EXERCISE REQUIREMENTS
Without the images, reproduce each line of the material exactly.
BEGIN
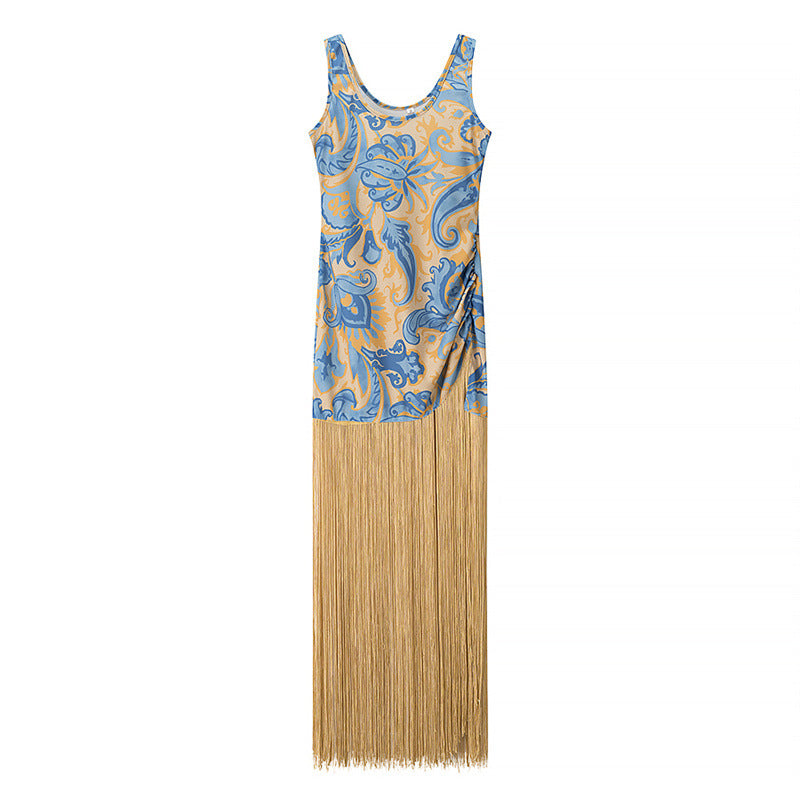 Robe élégante sans manches à franges imprimée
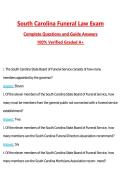 South Carolina Funeral Law Exam Questions with Correct Answers Pass the Exam&comma; 100&percnt; Verified &lpar;2026 &sol; 2027&rpar; Graded A&plus;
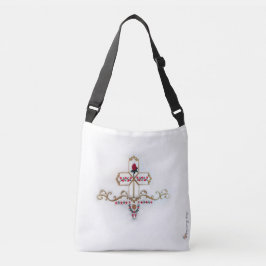 Goldkreuz u. Rote Rose Crossbody Tasche (Medium)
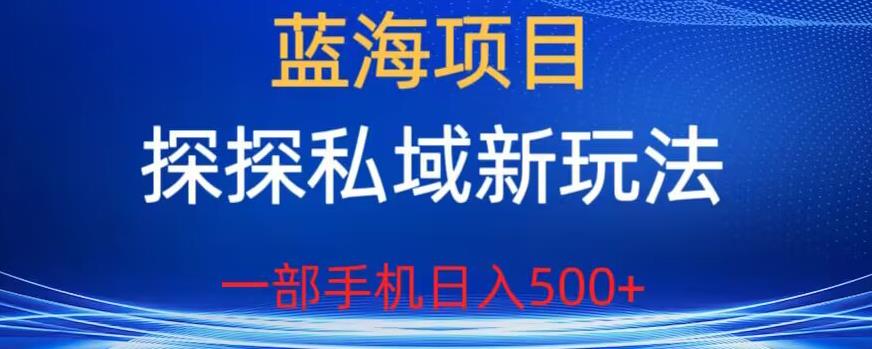 蓝海项目,探探私域新玩法,一部手机日入500+很轻松【揭秘】-知乎者也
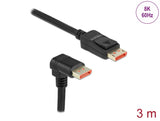 Delock DisplayPort Kabel Stecker gerade zu Stecker 90° unten gewinkelt 8K 60 Hz 3 m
END
RESPONSE AREA
 Robe élégante sans manches à franges imprimée
 South Carolina Funeral Law Exam Questions with Correct Answers Pass the Exam&comma; 100&percnt; Verified &lpar;2026 &sol; 2027&rpar; Graded A&plus;
 Goldkreuz u. Rote Rose Crossbody Tasche (Medium)
 蓝海项目,探探私域新玩法,一部手机日入500+很轻松【揭秘】-知乎者也
 Delock DisplayPort Kabel Stecker gerade zu Stecker 90° unten gewinkelt 8K 60 Hz 3 m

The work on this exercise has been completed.